Loving the Adult Jesus

When kids are very young, their needs are intense, but very simple. In the best moments, it's easy for us parents to love our babies and little ones, because what they need is what you want to give them, and what you want is to be needed by them. In the good moments, at least, there isn't much of a gulf between what you enjoyed doing and what you needed to do. In the best moments, it's extremely easy to love a baby.

But when kids get older, there are more steps to love. It's not that we love them less. In many ways, learning to raise older kids teaches us how to deepen and diversify the way we understand love. But it's just a fact of life that older kids are sometimes unreasonable, neurotic, hard to read, or just plain complicated. We love them, and we try to do right by them, but man, it doesn't always come easy. There's no "You're crying? Here's milk, and now we're both happy!" Few things are simple, and some of the most important aspects of raising older kids are the ones that come the least naturally. 

Even parents who get more satisfaction out of raising older kids occasionally remember with some wistfulness how simple things used to be when the kids were young. Loveable face gets loved, the end. The older our children get, the more we find affection mixed in with all kinds of normal, natural, complicated complications. 

You don't have to be a parent to know what I'm talking about. The liturgical year can present us with the same difficulty: Christmas is the infancy of the Faith, and most people find it pretty easy to be happy about about their Faith at this time of year -- at least in the good moments.

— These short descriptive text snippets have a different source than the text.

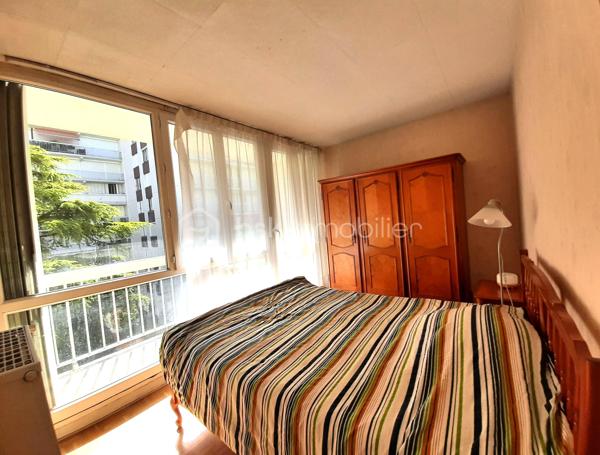 Quartier PERICHELLES SAINT- HUBERT, appartement de type T4 d'environ 80 m², au sein d'une RESIDENCE CALME et ARBOREE, au 3ème étage avec ASCENSEUR, comprenant : entrée (avec grand placard), SEJOUR DOUBLE (possibilité 3ème chambre), cuisine aménagée, 2 CHAMBRES, DRESSING, BUANDERIE, salle de bain, WC séparés et GRAND BALCON (13 m²) .
Une PLACE DE PARKING en extérieur. Possibilité d'une SECONDE PLACE DE PARKING (en sus du prix).

LES PLUS :     
- fenêtre PVC double vitrage
- chauffage inclus dans les charges      
- grand dressing 
- buanderie (rangement)
- possibilité d'ouvrir la cuisine 
- ravalement 2016
- local à vélos  
Résidence clôturée. Nombreux espaces verts et aires de jeux pour enfants.
Ecoles maternelle et élémentaire à l'entrée de la résidence.
Collège, piscine, gymnases et stades à 3 mn à pied.  
Commerces et bus à proximité (lignes 6,7 et 9)

LIGNE P : gare de l'Est en 13 minutes
RER E :  Haussmann/Saint Lazare en 30 minutes et la Défense en 37 minutes
METRO : ligne 16 (en 2028)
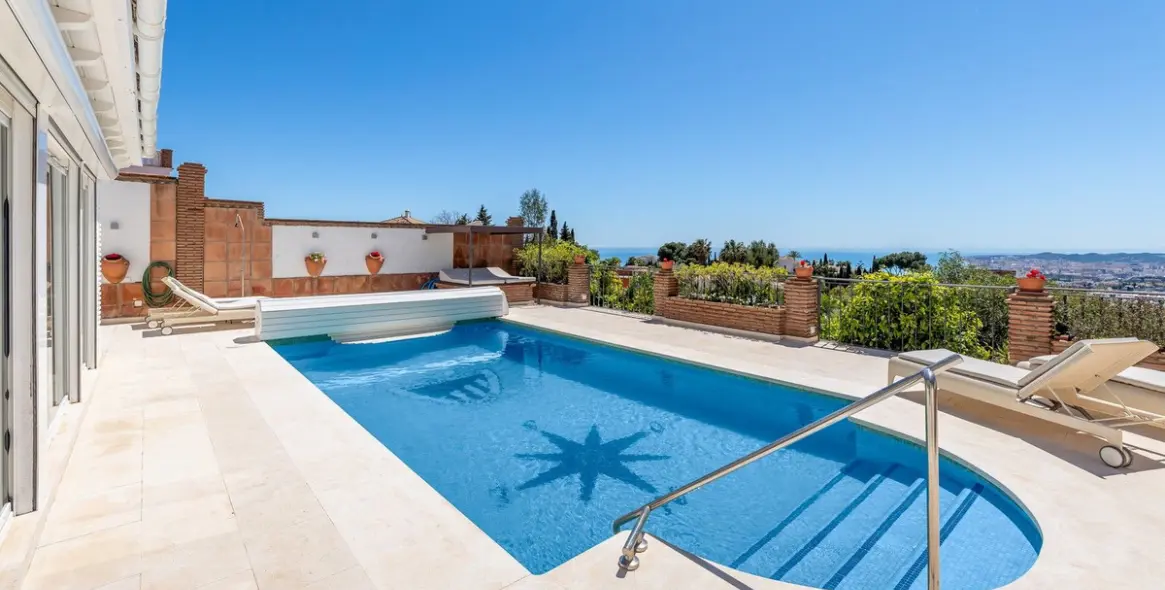 Sale of detached villa in La Capellania 52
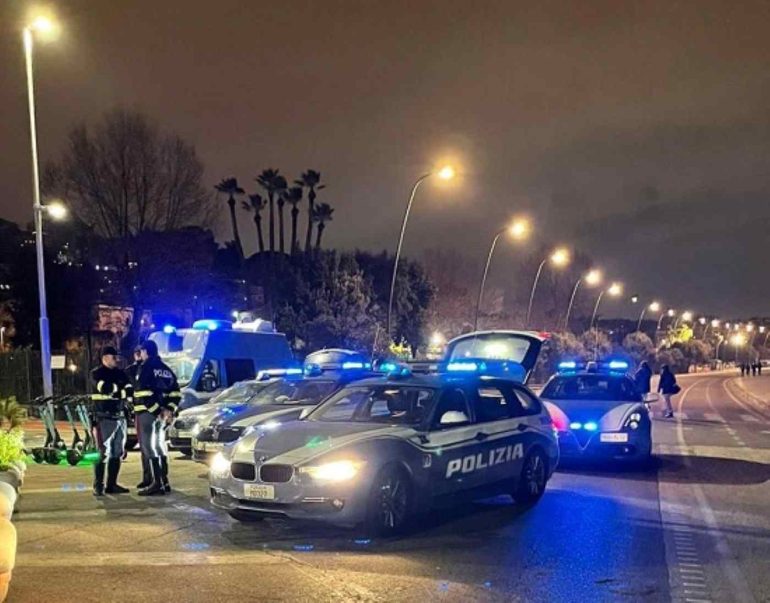 Afragola, pusher arrestato con droga e denaro contante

Even when the season is stressful or exhausting, most of us at least occasionally taste those golden moments where the music is right, the candles are glowing, we're finally holding a mug of something hot, finally hearing the happy murmurs of the baby in the manger.  At the best moments, we love Christmas, baby Jesus loves us, and it is just plain nice. It's simple to respond as we should, at least on the good days. A simple "Gloria!" and we're doing it right. 

But what about when the liturgical year grows up? Jesus starts making His first recorded trouble when He is twelve years old, with the finding in the temple, and from that day forward, the way we love Christ becomes more complicated, what with making awkward confessions, following doctrine we don't always understand, defending ours faith to a hostile world, or just doing the right thing when it feels like God is nowhere to be found. What He wants from us is not always what we want to give Him, and what we want to give Him is not always what is needed. Loving an adult Jesus is learning how to be an adult in the Faith -- and it's not always simple! It doesn't come easy, like loving the shining babe in the manger does.

What to do? I've found a simple solution. It doesn't always work, but it's better than feeling that there's no way to bridge that gulf between the good old days and the impossible present. Here's what you do: you look at the adult face, and you remember the baby. You remind yourself: It's still the same person. The very same person. 

Here's how it works. Say I'm feeling aggravated because an older kid is being a big baby about doing his math homework. Rather than give myself over to justifiable irritation, I try to remember: This is my baby. I can let myself feel sorry for him now, just like I did when he was innocently bawling over a hair that had somehow gotten wrapped around his fat little baby finger. Maybe he really does need to pull himself together and just do the stupid work, and maybe I need to tell him so; but it's going to make it easier on both of us if I try a little tenderness, at least on the inside (or maybe with a quick, sympathetic hug before I set him straight). That baby love he and I shared so many years ago was not a fantasy or an illusion. It's just buried really deep under the complications of growing older.

I work the same trick on myself when I'm having a hard time dealing with grown-up Jesus. If I find myself bogged down by the difficulties of a Lord who is hard to love -- when He's demanding, or seems unreasonable or hard to reach --  I remind myself: it's the same Person. The very same person, and all He ever wants is to be loved. And that is a very good place to start. 

Jesus warned us that we must become like little children in order to enter the kingdom of Heaven. A companion thought that may help: remember that Jesus is ready to be received like a little child, to lead us to Heaven. The sweetness of Christmas is not a fantasy or an illusion. Rather than growing out of the simple love we have for the Christ Child, we should revel it in while it is immediately present, and then remember that it's ours to bring back to life during the rest of the year, when the demands of love get more complicated. "Gloria" is still always the right response.